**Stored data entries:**
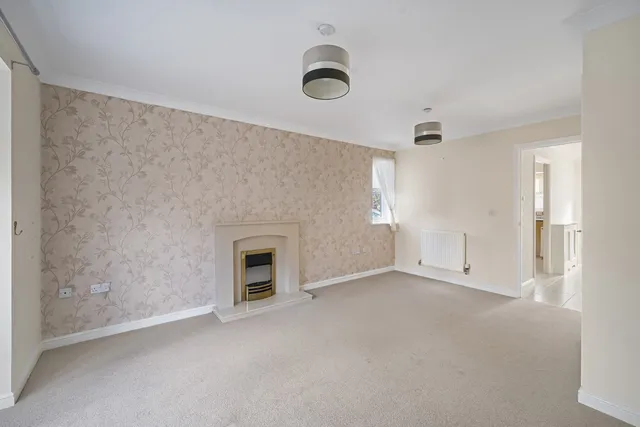 4 Sunbeam Close, Newport NP19 0DF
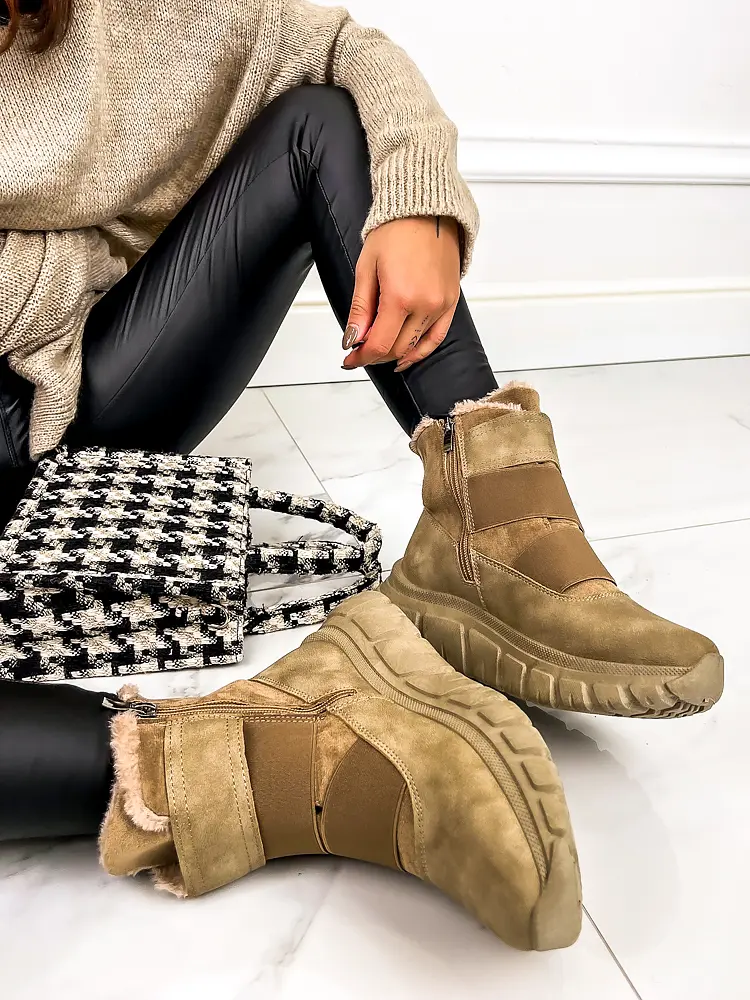 Bélelt női cipő MORGAN+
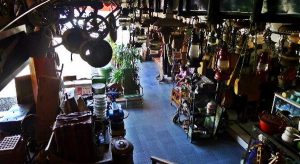 Lepas Rindu di Pusat Barang Antik Pasar Triwindu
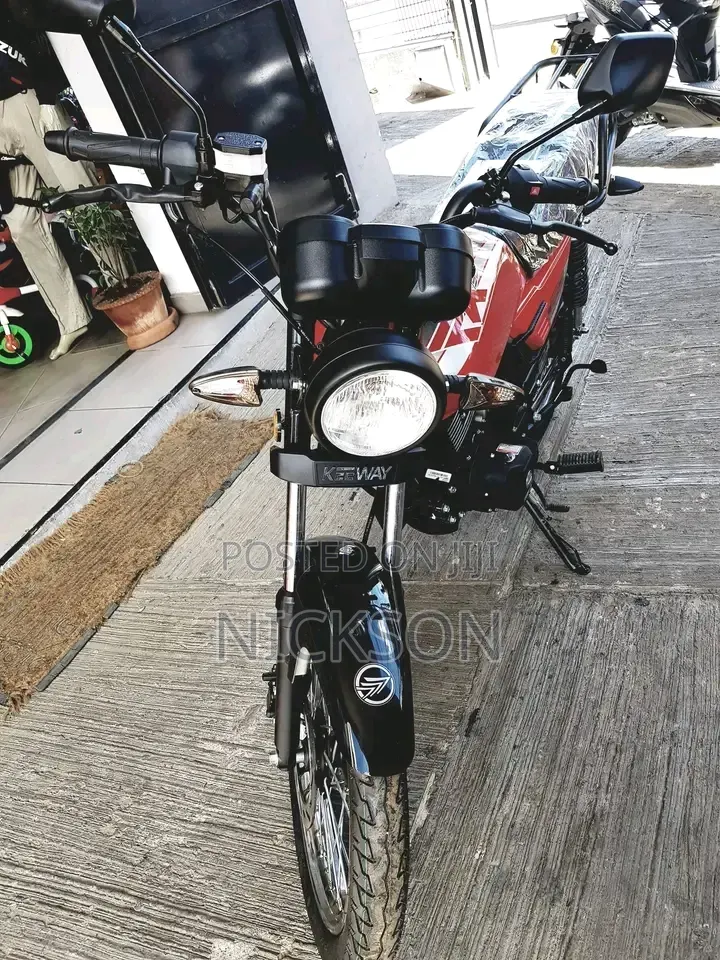 New Bajaj Boxer 150 UG 2026 Black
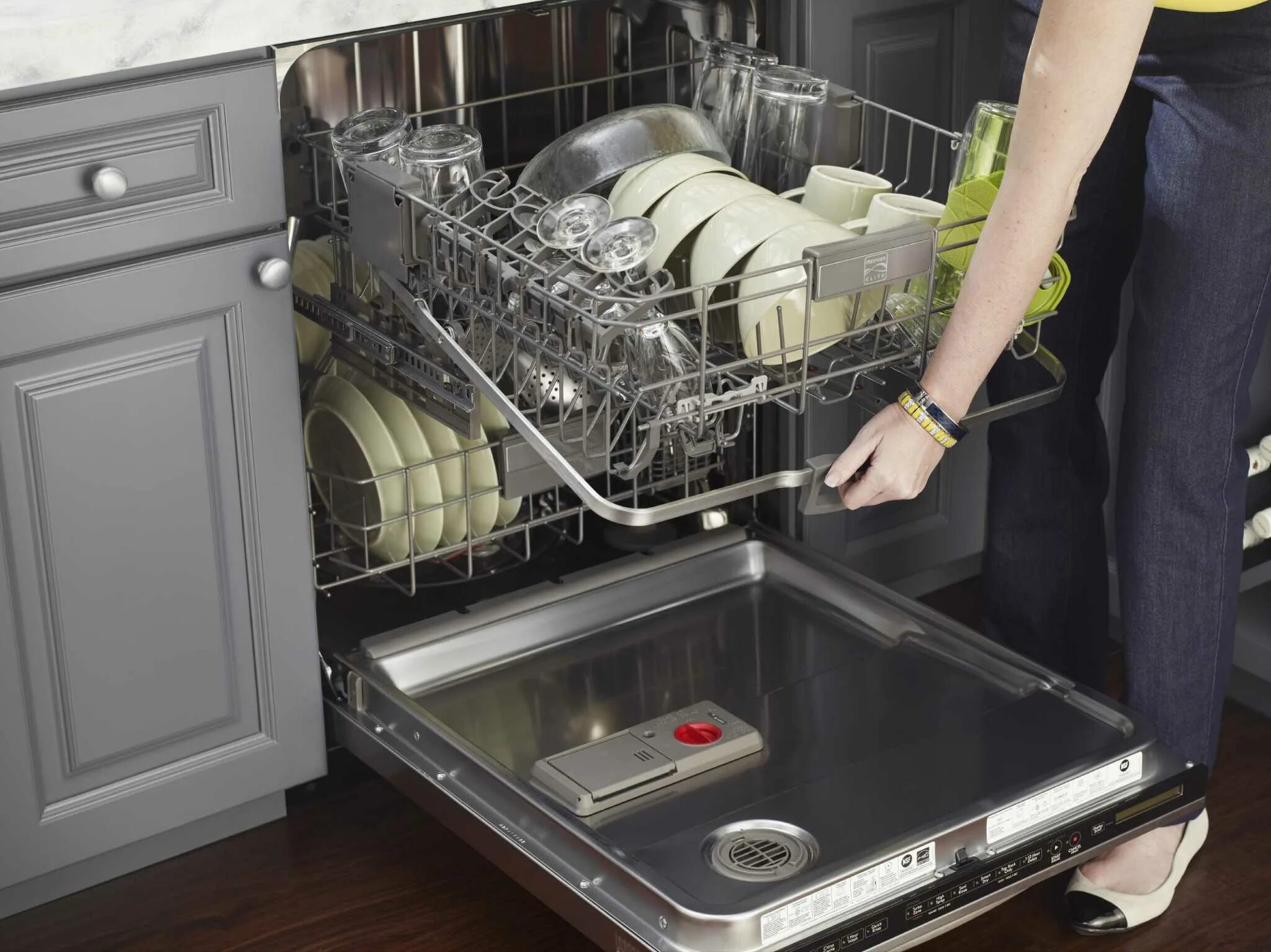 Посуда в посудомойке. Укладка посуды в посудомоечной машине. Расположение посуды в посудомоечной. Загрузка посуды в посудомоечную машину.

**WORK REQUEST:** Print the data exactly as written, dropping any images it holds.

**ANSWER BELOW:**
 4 Sunbeam Close, Newport NP19 0DF
 Bélelt női cipő MORGAN+
 Lepas Rindu di Pusat Barang Antik Pasar Triwindu
 New Bajaj Boxer 150 UG 2026 Black
 Посуда в посудомойке. Укладка посуды в посудомоечной машине. Расположение посуды в посудомоечной. Загрузка посуды в посудомоечную машину.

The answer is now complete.